As was widely anticipated, the Reserve Bank of Australia (RBA) has again decided to leave official interest rates on hold at a record low of 1.5% at its final meeting for the year.

Interest rates have been steady since the last cut in August 2016.

This will be the last interest rate decision carried out by RBA for the year, as it is not due to meet again until February.

“Although rates remain on hold, the latest data continues to reflect a generally patchy at best performance by the national economy. Residential construction and retail sales trends have weakened with wages growth and inflation at record low levels,” said Dr. Andrew Wilson, real estate analyst and senior economist for the Domain Group.

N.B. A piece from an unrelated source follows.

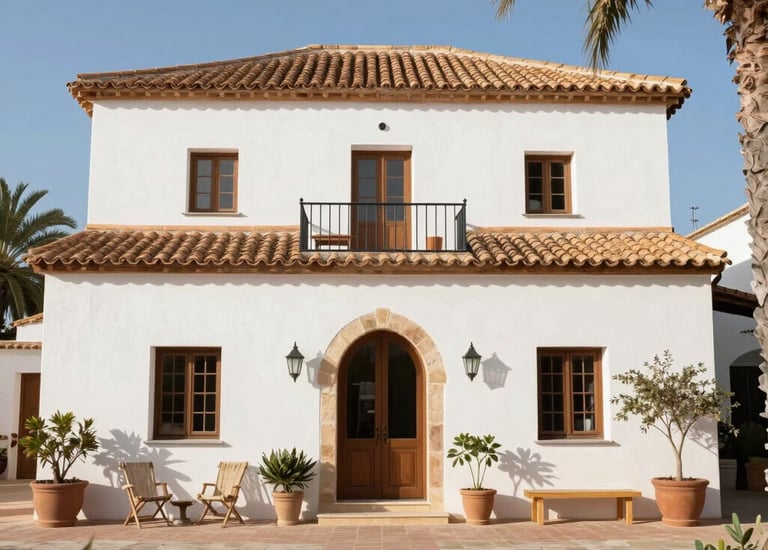 white and brown house near green grass field under white clouds and blue sky during daytime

Wilson further noted that the lower unemployment rates mask a sharp decline in full-time jobs as the Aussie dollar continues to track at higher than desirable levels. And while the housing markets remain “mostly buoyant,” with Sydney and Melbourne showing robust growth over spring and solid price growth continuing, other capital cities are reporting largely moderate or benign housing market activity.

“All of these factors considered together mean more official rate cuts remain likely in 2017 unless economic activity improves. These cuts would be irrespective of continuing strong house price growth in Sydney and Melbourne,” Wilson said.
However, if interest rates are slashed again in 2017, then property price growth could be above 6% in Sydney.